Unter Abd-Ar-Rahman III. (912-961)
erreichten arabische Kunst und Wissenschaft in auf der
iberischen Halbinsel ihre höchste Blüte. Bevölkerungsreiche
Städte schmückten das Land; das Gebiet des
Guadalquivir soll allein 12.000 bewohnte Orte gezählt
haben. Cordoba hatte 113.000 Häuser, 600 Moscheen,
darunter die prachtvolle Hauptmoschee, und herrliche
Paläste, darunter den Alkazar. Mit Cordoba wetteiferten
andere Städte wie Granada mit der Alhambra, Sevilla
und Toledo. In gleichem Sinn wie Abd-Ar-Rahman III. regierte
sein als Dichter und Gelehrter ausgezeichneter Sohn Hakem
II. (961-976), wogegen unter dem schwachen Hischam II.
(976-1013) das Kalifat zu sinken begann.
Das Kalifat erreichte seinen Höhepunkt unter Muhammed
Ibn Abi Amir (auch Almansor, d.h. der Siegreiche), einem
Statthalter Hischams II., um das Jahr 1000, der Barcelona
(985) und andere christliche Städte plünderte.

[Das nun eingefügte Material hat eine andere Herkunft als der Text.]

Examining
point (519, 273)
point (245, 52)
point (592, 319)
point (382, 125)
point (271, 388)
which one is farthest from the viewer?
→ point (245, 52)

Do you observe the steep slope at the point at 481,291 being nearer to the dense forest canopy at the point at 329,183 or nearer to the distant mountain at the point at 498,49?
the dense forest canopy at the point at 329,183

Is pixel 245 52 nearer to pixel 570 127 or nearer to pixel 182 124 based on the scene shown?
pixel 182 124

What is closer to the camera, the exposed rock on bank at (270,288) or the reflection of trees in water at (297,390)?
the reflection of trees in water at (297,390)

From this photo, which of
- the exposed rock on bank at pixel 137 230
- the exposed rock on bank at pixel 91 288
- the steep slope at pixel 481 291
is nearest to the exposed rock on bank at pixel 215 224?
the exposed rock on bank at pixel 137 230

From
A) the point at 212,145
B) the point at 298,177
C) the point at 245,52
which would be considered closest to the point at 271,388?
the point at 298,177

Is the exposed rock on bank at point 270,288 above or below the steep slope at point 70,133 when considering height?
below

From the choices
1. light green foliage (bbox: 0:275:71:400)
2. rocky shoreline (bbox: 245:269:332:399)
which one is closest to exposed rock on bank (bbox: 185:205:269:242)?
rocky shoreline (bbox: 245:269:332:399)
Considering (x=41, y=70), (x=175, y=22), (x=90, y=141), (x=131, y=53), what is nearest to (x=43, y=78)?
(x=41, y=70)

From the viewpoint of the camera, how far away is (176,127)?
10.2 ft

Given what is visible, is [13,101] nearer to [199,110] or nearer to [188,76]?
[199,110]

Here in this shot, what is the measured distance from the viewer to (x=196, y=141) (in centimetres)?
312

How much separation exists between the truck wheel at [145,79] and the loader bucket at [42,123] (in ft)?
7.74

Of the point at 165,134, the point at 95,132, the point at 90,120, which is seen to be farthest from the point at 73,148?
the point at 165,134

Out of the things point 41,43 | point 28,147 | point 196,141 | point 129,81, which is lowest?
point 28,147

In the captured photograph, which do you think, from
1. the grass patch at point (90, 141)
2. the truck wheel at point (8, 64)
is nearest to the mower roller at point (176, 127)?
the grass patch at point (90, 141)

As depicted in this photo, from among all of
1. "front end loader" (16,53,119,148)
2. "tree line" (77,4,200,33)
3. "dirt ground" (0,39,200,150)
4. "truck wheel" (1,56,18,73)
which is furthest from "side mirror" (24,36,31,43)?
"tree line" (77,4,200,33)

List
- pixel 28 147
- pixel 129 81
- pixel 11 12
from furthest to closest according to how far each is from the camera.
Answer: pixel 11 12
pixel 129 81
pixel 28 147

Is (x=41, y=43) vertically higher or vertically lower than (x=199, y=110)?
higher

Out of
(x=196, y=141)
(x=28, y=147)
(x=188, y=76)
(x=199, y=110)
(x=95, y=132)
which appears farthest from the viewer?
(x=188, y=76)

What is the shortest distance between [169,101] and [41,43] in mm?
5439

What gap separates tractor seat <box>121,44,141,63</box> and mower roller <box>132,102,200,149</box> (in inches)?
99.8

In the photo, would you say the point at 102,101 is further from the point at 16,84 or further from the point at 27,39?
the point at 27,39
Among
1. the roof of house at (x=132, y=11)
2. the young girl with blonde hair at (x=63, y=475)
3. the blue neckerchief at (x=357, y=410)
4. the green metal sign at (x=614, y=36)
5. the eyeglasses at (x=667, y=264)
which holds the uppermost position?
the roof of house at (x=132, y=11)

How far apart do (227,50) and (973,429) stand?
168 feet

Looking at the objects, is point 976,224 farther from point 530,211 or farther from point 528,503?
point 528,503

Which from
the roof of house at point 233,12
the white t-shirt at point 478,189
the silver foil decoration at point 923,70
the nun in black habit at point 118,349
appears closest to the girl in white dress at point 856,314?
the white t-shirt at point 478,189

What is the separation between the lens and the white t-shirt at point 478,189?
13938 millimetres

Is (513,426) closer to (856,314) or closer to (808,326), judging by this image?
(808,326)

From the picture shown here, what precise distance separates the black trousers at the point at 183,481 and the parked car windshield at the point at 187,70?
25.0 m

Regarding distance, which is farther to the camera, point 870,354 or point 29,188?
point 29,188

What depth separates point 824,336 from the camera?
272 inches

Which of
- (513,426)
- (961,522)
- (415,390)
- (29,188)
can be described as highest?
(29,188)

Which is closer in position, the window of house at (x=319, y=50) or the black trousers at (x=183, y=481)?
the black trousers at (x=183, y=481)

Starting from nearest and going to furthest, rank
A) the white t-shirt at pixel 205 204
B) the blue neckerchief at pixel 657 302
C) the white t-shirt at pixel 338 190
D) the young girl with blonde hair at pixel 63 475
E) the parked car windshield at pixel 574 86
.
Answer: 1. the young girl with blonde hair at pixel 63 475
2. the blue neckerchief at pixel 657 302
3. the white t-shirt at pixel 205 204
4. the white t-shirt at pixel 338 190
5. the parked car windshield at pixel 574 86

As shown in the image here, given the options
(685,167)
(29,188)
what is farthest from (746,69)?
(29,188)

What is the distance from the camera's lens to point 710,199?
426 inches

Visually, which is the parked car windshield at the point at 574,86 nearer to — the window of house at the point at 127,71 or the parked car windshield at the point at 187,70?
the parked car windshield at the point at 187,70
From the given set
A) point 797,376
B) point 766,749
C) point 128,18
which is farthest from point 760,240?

Nach Almansors Tod stürzte das Kalifat in einen
Bürgerkrieg und zerfiel in mehr als zwanzig Emirate,
die so genannten „Taifa-Königreiche“.
Diese Königreiche verloren Land an die christlichen
Königreiche im Norden und, nach dem Verlust von
Toledo im Jahr 1085, brachen die Almorawiden von Nordafrika
ein und errichteten ein neues Reich. Im 12. Jahrhundert
brach das Königreich der Amorawiden ebenfalls auseinander,
nur um durch eine almohadische Invasion 1147 übernommen
zu werden. Nach der entscheidenden Schlacht von Las Navas
de Tolosa (16. Juli 1212), blieb nur noch das Königreich
von Granada bis 1492 über.
Al-Andalus bleibt als Beispiel höchster arabischer
Kultur und Wissenschaft im kollektiven Gedächtnis
der Araber noch heute erhalten. Es war geprägt von
einem Klima der Toleranz zwischen den herrschenden Muslimen
und den großen christlichen und jüdischen
Gemeinden.
Reconquista: 8. bis 15. Jahrhundert Die Vertreibung
der Muslime begann unter dem ersten König des
Königreichs von Asturien, Pelayo (718-737), der
den Kampf gegen die Mauren in den Bergen von Covadonga
aufnahm. Später führten seine Söhne
und Nachkommen dieses Werk fort, bis alle Muslime vertrieben
waren. Währenddessen errichteten die fränkischen
Herrscher im Osten der Halbinsel, jenseits der Pyrenäen,
im heutigen Katalonien, die Spanische Mark und eroberten
785 Girona und 801 Barcelona.
Der Gedanke, die Reconquista als einzelnen Prozess zu
begreifen, der acht Jahrhunderte überspannte, ist
historisch unkorrekt. Die christlichen Reiche im Norden
Spaniens kämpften genauso gegeneinander als auch
gegen die Muslime. Der spanische Volksheld des 11. Jahrhunderts,
El Cid, wurde von König Alfons VI. verbannt und
fand Zuflucht beim muslimischen König von Saragossa.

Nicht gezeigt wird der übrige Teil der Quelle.